Last fall, when the Department of Homeless Services reviewed its progress under the 2004 plan, it conceded that the city had not come anywhere near its goals. Street homelessness was down by 25 percent, as measured by the annual HOPE survey (which, predictably, has its detractors). But that reduction was short of the target. Even more disappointing was the progress toward reducing the shelter population: While the number of single adults in shelter had dropped 22 percent, the number of adult families slipped only 3 percent and the number of families with children had decreased a mere 2 percent.

Since last fall, the numbers have changed for better and worse. The 2009 HOPE survey in January found street homelessness was down an encouraging 47 percent since 2005. In June, DHS reported that the number of single adults in shelters was 16 percent lower than in fiscal year 2005. But the number of adult families was up 7 percent. And the number of families with kids in shelters was 20 percent higher, at more than 8,000.

The Bloomberg administration points with pride to the 170,000 people it has moved from shelters to permanent housing under the 2003 plan. It can also boast that it freed the city from two decades of judicial control of its homeless policy, and devoted thousands of new housing units to supportive housing for the formerly homeless. The administration said last fall that some 86 percent of the homeless policies it planned in 2004 had been implemented.

But among the policy successes it lists, the administration does not talk much about Housing Stability Plus, a key policy innovation under the 2004 plan. A rental subsidy for homeless families, it was deeply flawed: It required recipients to have open welfare cases and the subsidy decreased 20 percent per year over five years—imposing a punishing annual rent increase on formerly homeless people poor enough to be on welfare. Advocates complained about the program from day one, but the city for years resisted calls for change until it finally dropped the program in 2007. Other aspects of the city's homeless policies have come under criticism, too, from how families are screened for emergency aid, to the process for relocating intake centers, to how DHS has managed its contracts with private landlords, to a recent move to obey a 12-year-old state law and start charging rent at shelters.

Obviously, many of the factors that determine the size of the homeless population are beyond the mayor's control. Rising unemployment in the city is doubtless swelling the ranks of the homeless this year. And the homelessness problem has to be seen in the broader context of the city's increasingly tight housing market. There are complex reasons for why individual people and families lose their homes, but it's safe to say that many hit the streets simply because they cannot afford a place to live.

The pressure on low-income families has only increased over the past eight years.

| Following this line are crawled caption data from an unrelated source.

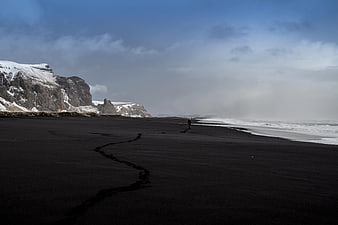 Lone Figure Walking on Black Sand Beach Near Snowy Cliffs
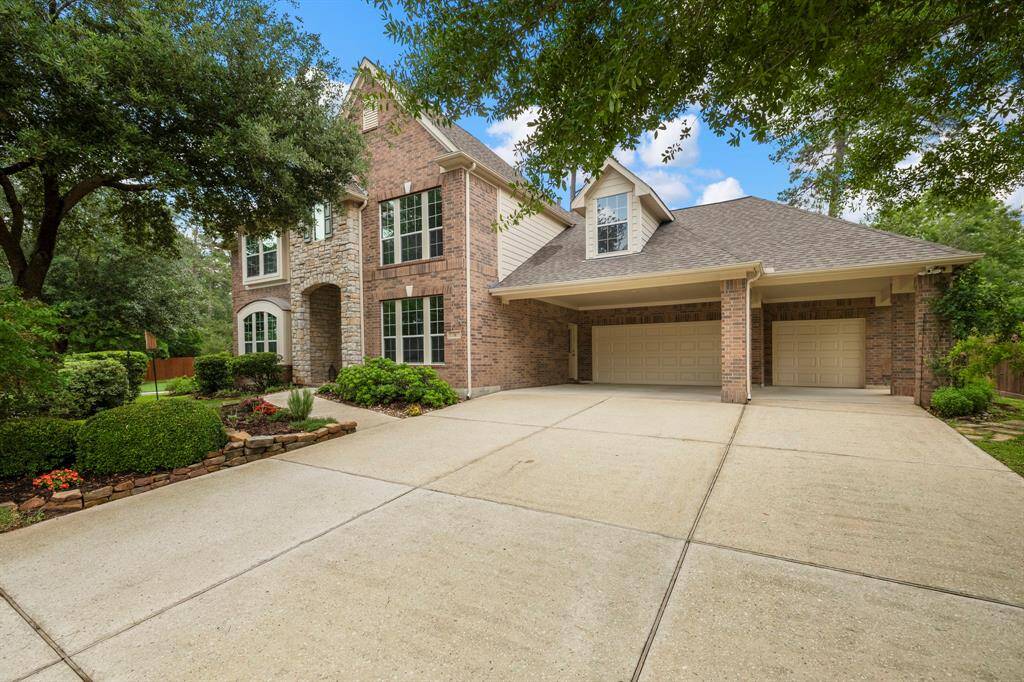 Coveted full 3 car across garage plus 3 car porte cochere and wide driveway simplifying multi vehicle access.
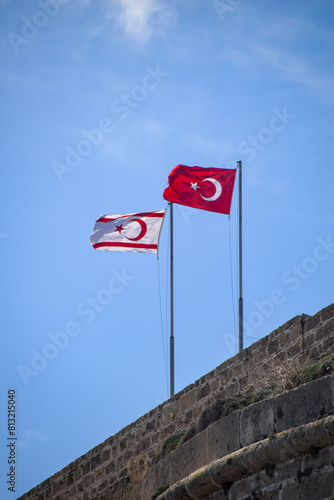 Turkey and Turkish Republic of Northern Cyprus flags waving in the blue and cloudy sky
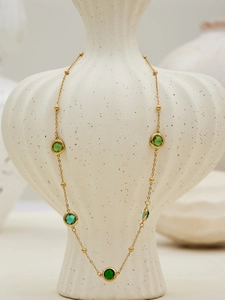 Detail of 18k gold plated long necklace with faceted green glass stones on a ceramic vase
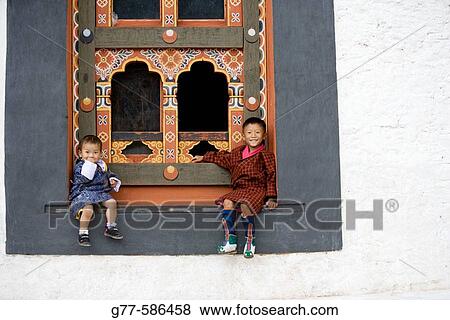 Bhutan. Thimpu. Thimpu Dzong Monastery. Buddhist Festival (Tsechu). Bhutanese little boys. View Large Photo Image Stock Photo - Bhutan. Thimpu. Thimpu Dzong Monastery. Buddhist Festival (Tsechu). Bhutanese little boys.. Fotosearch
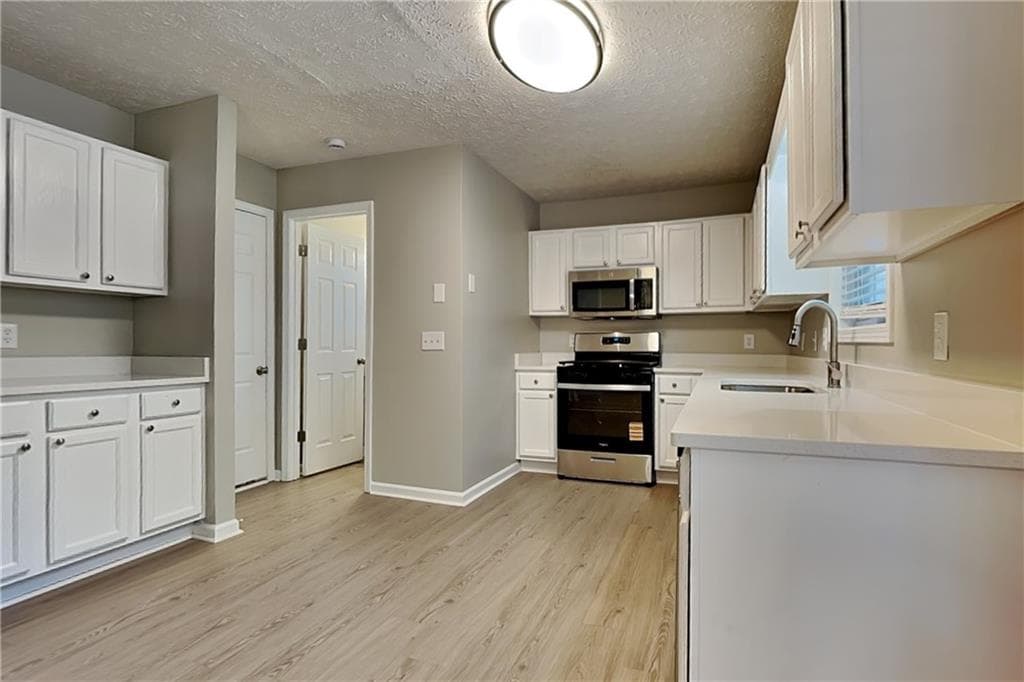 4 bedroom, 3 bathroom, 2,118 sq ft single family residence for rent at 3190 Wrenwood Court, Loganville, GA 30052 for $2,350 a month — photo 4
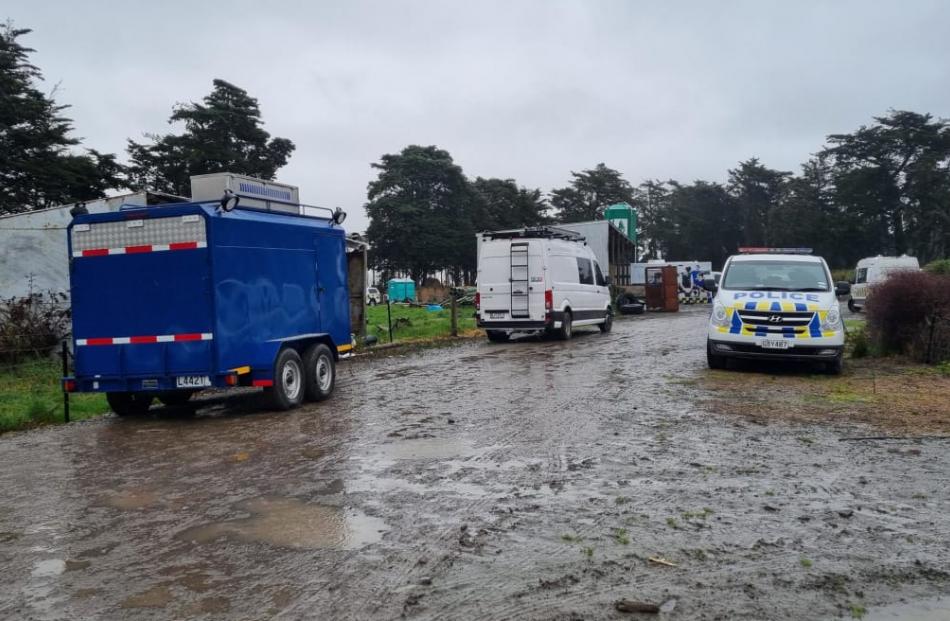 Police searching the area on Tuesday. Photo: RNZ / Jean Edwards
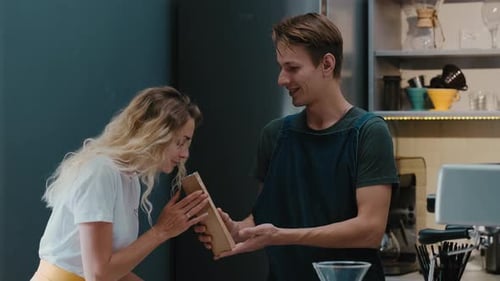 Barista in a coffee shop putting beans in a craft bag and sells it for female customer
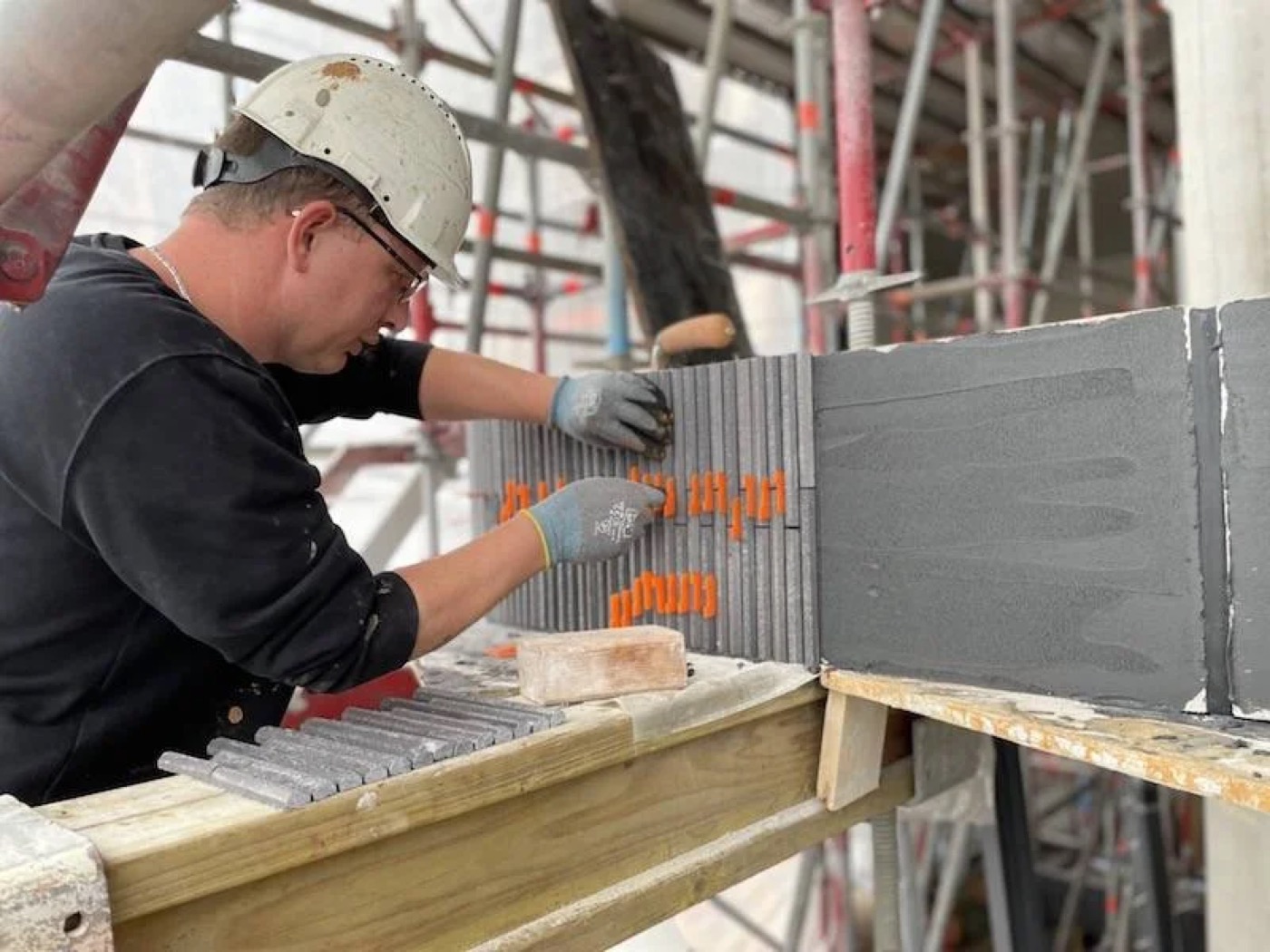 Vakman van IBS Afbouw verlijmt grijze steenstrips op een paneel in de steigers bij project De Hoogh in Amsterdam
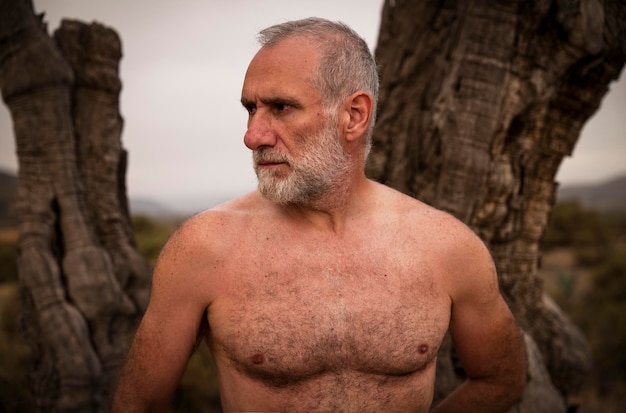 Photo portrait of shirtless adult man standing on bare olive tree against sky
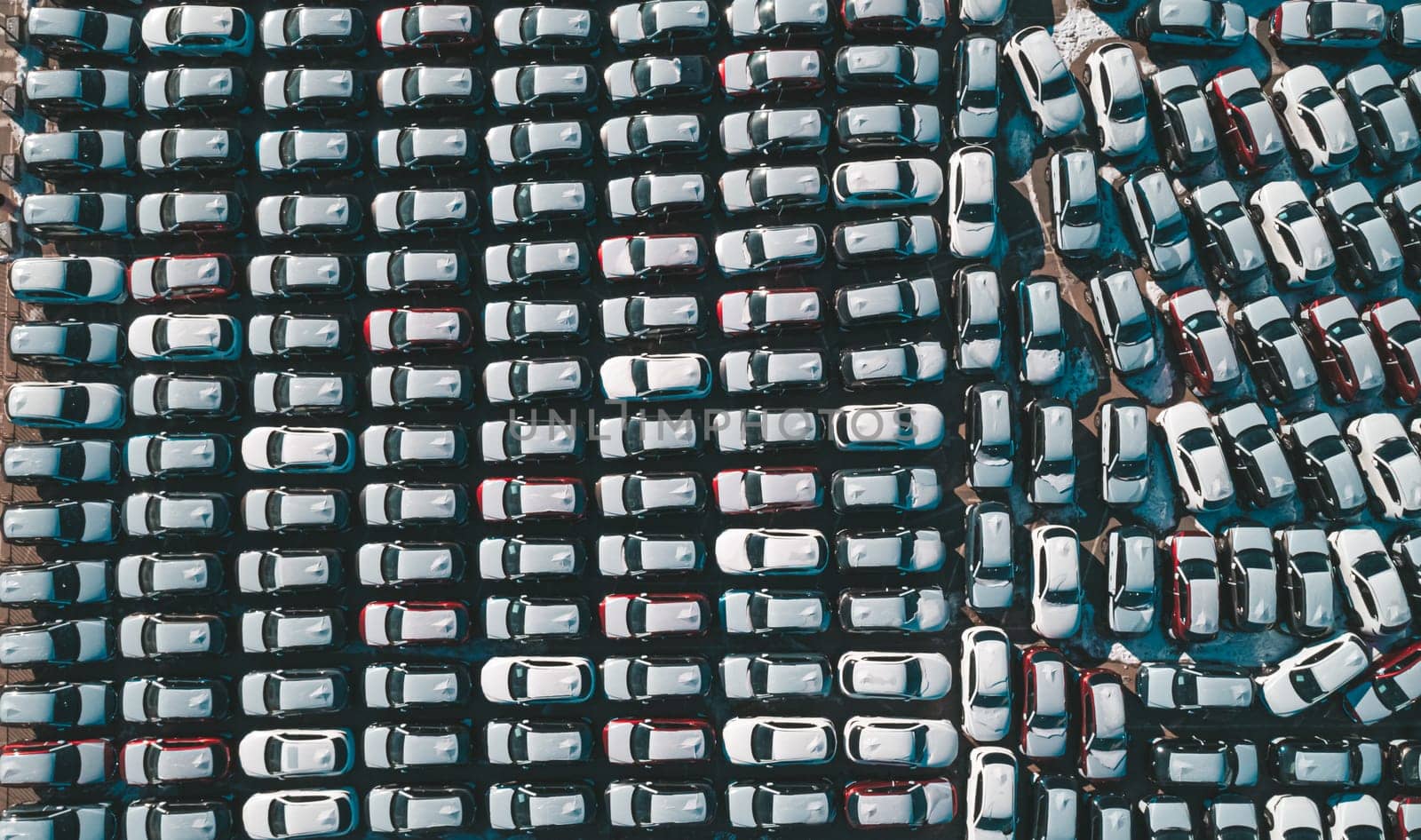 Aerial top down view of new cars parked in car parking lot. Car dealer parking lot full of new automobiles. New cars lined up for import and export business.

According to data from the U.S. Census Bureau, the median contract rent in New York increased from $706 in 2002 to $950 in 2008, an increase of 12 percent after inflation is figured in. The number of rent controlled apartments has decreased by a third. There are 20,000 fewer rent stabilized apartments. The median share of a person's income devoted to rent in New York has since 2002 risen from 28.6 percent to 31.5 percent. The rising rents reflect the fact that people with money to spend want to move to New York, something that certainly wasn't true 30 years ago. That's a good thing, but people waiting in line for the bus to a shelter are unlikely to be cheered by the city's booming population.

To its credit, the Bloomberg administration has pursued an ambitious plan to build and preserve affordable housing. But it has also championed in some parts of the city private market development that creates housing that is not affordable, while pursuing in other neighborhoods locally popular downzonings that restrict housing creation. These policies—affordable housing, zoning, development, homelessness—are usually compartmentalized and discussed separately. In a city that now has more shelter residents than police officers, it might be time to put all the numbers on the same table.